The live session is divided into 11 videos, packed with information you need before applying for a home loan in Australia.

Video transcript below:

Part 7 of 11
Check your credit score and borrow more
Heidi Armstrong, Director of Operations, State Custodians
Every lender have their own serviceability calculator and this goes back to what I said before about NCCP, the National Consumer Credit Protection Act.  What that says is, we can’t do a loan for you if it’s not unsuitable, but it doesn’t dictate the terms on what is not unsuitable.  That it’s not restricted, it’s interpreted.  So every lender is trying to interpret the legislation and decide to what’s not unsuitable.  So different things go into the policies that underlie their serviceability calculations and this is just a look at one.  This is one we have used.

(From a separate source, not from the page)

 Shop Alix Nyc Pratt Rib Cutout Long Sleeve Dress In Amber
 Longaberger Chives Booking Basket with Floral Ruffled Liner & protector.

What are the policies that underlie a lender’s calculations to determine your borrowing power?
Different things, you can say you know people have said to me, “Heidi I can’t believe that if one lender I can borrow $60,000 more than what I was going to be approved for with another lender.’  And the reason is even though you think my situation is black and white.  This is how much I earn, this is my assets and liabilities, nothing changes when you go one lender or the other.  Let me tell you a whole of things change.  
Base cost of living for each applicant or the dependents which index that they are going to use.  So every applicant that’s applied for the loan, we know you have got a base cost of living and we determine that on either property index or the Henderson index, just depends. Now already before we go any further, you know that there is going to be a difference between lenders.  
The bench mark interest rate, now State Custodians we are here offering, we are offering 5.77% interest rate for people today on our mortgage of the year loan and that has a 5.99% comparison rate.  But we, even though we are offering you a fantastic rate, we are going to load that rate when it comes time for you to apply for the loan and that’s because we know interest rates up as well as down and we need to protect you to ensure that the loan is not unsuitable because if you get into difficulties making repayments in about 3 months time because then interest rates rise, we haven’t done our job.  Now different lenders use different bench mark rates.  Some will load it by 1 ½ %, some by 2%.  So again there is a difference between lenders.
Treatment of income.  You know if you have a low base salary, but you get regular commissions, you want a lender that’s going to factor in those commissions.  But you are going to have to show evidence that it is historically that you have received it consistently and over a fairly lengthy period of time.